ToolsGroup, a global provider of demand-driven inventory optimization solutions, announced an innovative new program to help companies rapidly rightsize their inventories, free up millions of dollars of cash, and improve free cash flow (FCF). The new program, called “Rapid Inventory Rightsizing” (RIR), is a remarkably fast solution that reduces a company’s working capital needs and eases the impact of the credit crunch.
Rightsizing inventory is an excellent source of short-term working capital and improved free cash flow. When the composition of inventory deteriorates over time, a large financial asset is not being used efficiently. Managers find that they have too many of the items they don’t need and not enough of the items most in demand.
The RIR Program is ideally suited for companies with large inventories not being put to optimal use. By improving inventory targets, companies reduce global inventory levels while still maintaining excellent customer-service levels (i.e., fill rates).
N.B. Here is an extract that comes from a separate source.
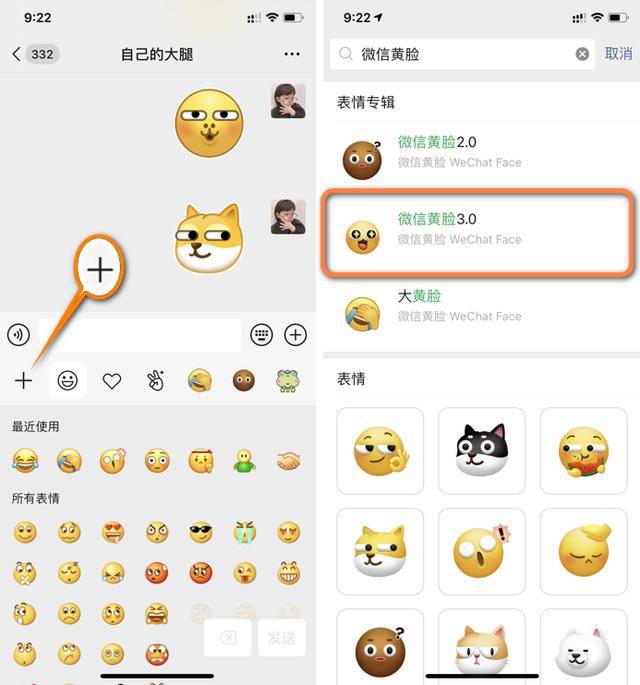 微信也能发弹幕了 / 黄脸表情更新_手机搜狐网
The program is targeted at CEOs and CFOs looking for increased liquidity or free cash flow, private equity funds wishing to improve ROIC, and supply chain executives addressing corporate mandates to reduce inventory cost while maintaining customer service metrics. Individual companies will find different results from this process, but can typically expect to generate cash of between 10 and 30 percent of their inventory value, while maintaining the same or improving customer service. The program costs a small fraction of the inventory saved and cash generated.
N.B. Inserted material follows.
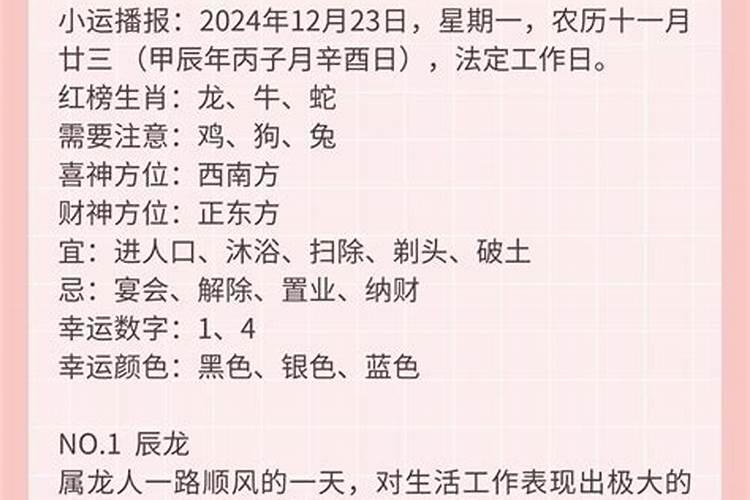 正月十五什么时候给仙家上香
The program is now available from ToolsGroup and participating North American partners. The program is easy to implement, because it requires no changes to the company’s distribution/supply network or technology infrastructure. It consists of three steps:
- An immediate rightsizing of the inventory to eliminate the least effective inventory and insure profit-generating and strategic products are properly served. Capital is rapidly reallocated to the most financially productive areas. Inventories that are not aligned with profits and customer service are drawn down. Because this first step can be implemented in a few weeks, it can rapidly begin generating free cash flow, often within the same quarter.
- All inventories are adjusted to avoid excess inventory experienced in a slow down, while maintaining customer service levels. As revenues slow in certain product streams, most companies neglect to adjust their inventory targets to changing circumstances. While individual items will vary, overall inventory requirements are reduced, freeing up additional cash flow.
- An ongoing review process, managed either inside or outside the company, to keep inventory targets aligned with changing conditions and insure a sustainable results over time.